The first is a process to produce lithium phosphate, and the second is the process for recovering lithium phosphate and/or lithium sulphate from lithium-bearing silicates.
An unprecedented advantage
The innovative patents cover unprecedented advantages for the company in that lithium can be recovered from the process liquors without the requirement for extensive evaporation.
This process may be applicable to other process streams such as conventional spodumene conversion.
Evaporating is an expensive process
Lithium Australia’s managing director Adrian Griffin said: "Managing the water balance correctly has, until now, been an expensive and vexing issue for many lithium chemical producers.

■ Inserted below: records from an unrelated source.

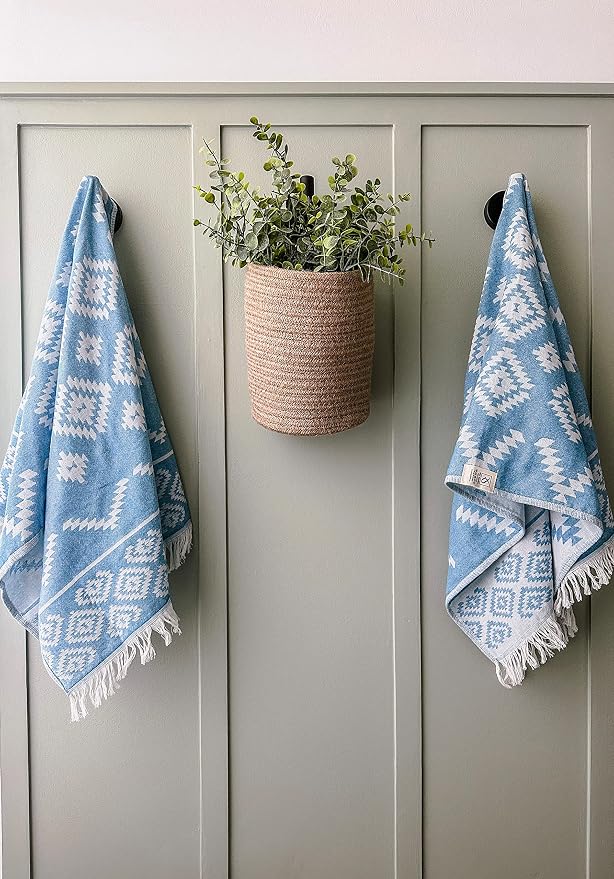 RAY SILVER Aztec Turkish Hand Towels Set of 2 100% Cotton Peshtemal Soft Feel - Image 5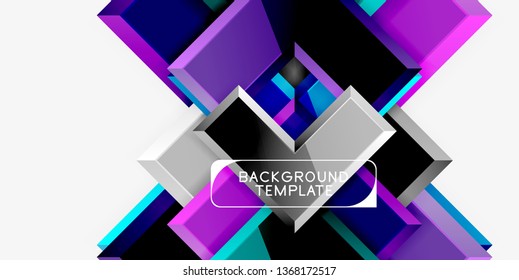 Fondo geométrico moderno brillante, composición de flechas abstractas. Vector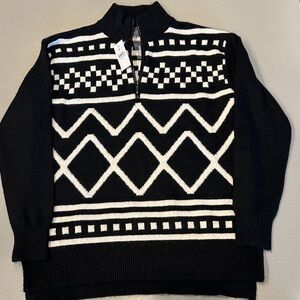 Lou & Grey for LOFT Fair Isle Half‑Zip Sweater — Black & White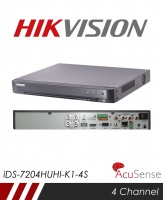 Hikvision AcuSense iDS-7204HUHI-K1-4S 5MP 4 Channel TVI, DVR & NVR Tribrid CCTV Recorder with Network and Mobile phone remote viewing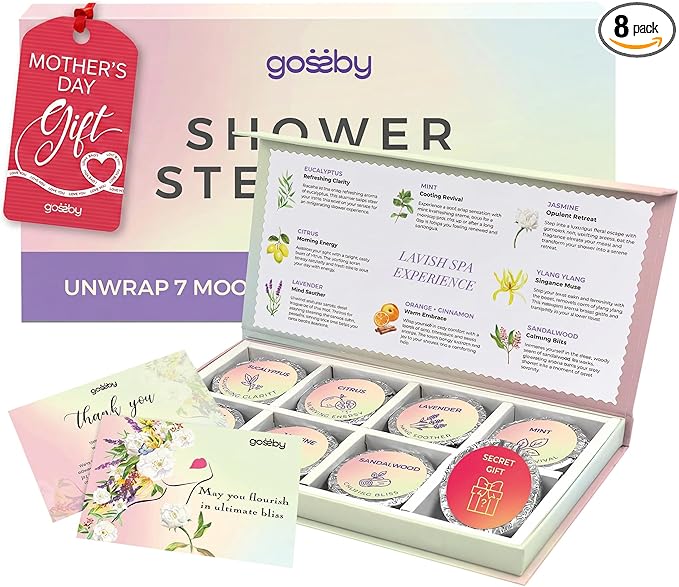 GOSSBY Shower Steamers Aromatherapy (8 Pcs) - Mothers Day Gift for Mom - Birthday, Stress Relief Gift for Women Wife Teen Girl - Basket Stuffers - Natural Essential Oils, Self Care Relaxation Home Spa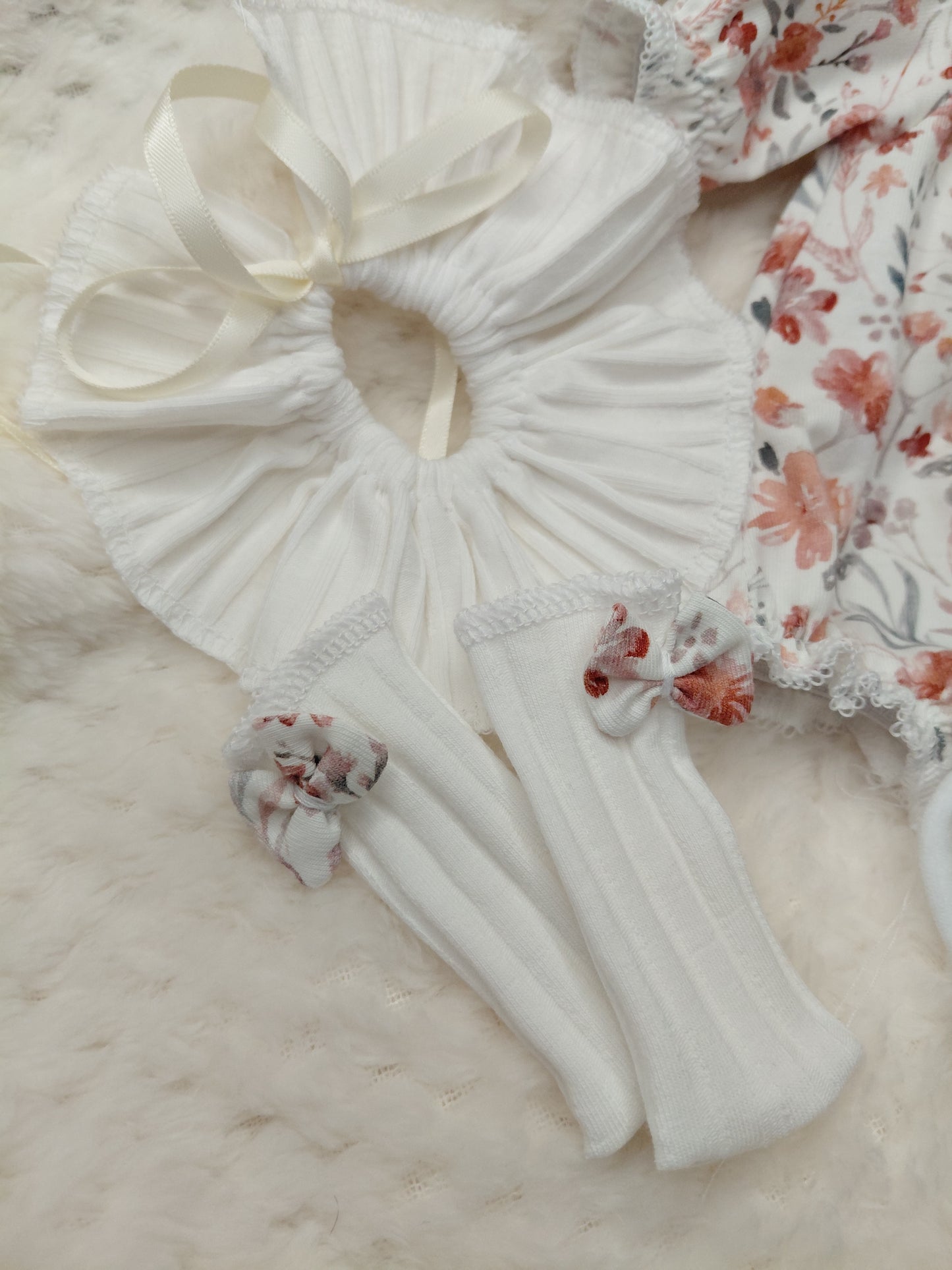 12-13 inch shortie Ruffle romper set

“Lithium Australia will expedite commercialisation of the SiLeach® process, capitalising on the advantages gained by solving this processing challenge.
“Being able to produce lithium chemicals without the necessity of evaporating large quantities of water clearly puts us ahead of our peers."
Lithium Australia's SiLeach® process can extract lithium from all silicate minerals, but is ideally suited to processing lithium micas, considered a waste product in many mining operations.
The company is currently undertaking a scoping study on its recently acquired Sadisdorf deposit where it is hoped SiLeach® will breathe new life into the mothballed tin mine, enabling the recovery of lithium, tin and other by-products.
The resulting lithium chemicals can be used as a feed source for Lithium Australia's VSPC cathode powder production technology, providing a cost-effective means of delivering lithium units to battery producers.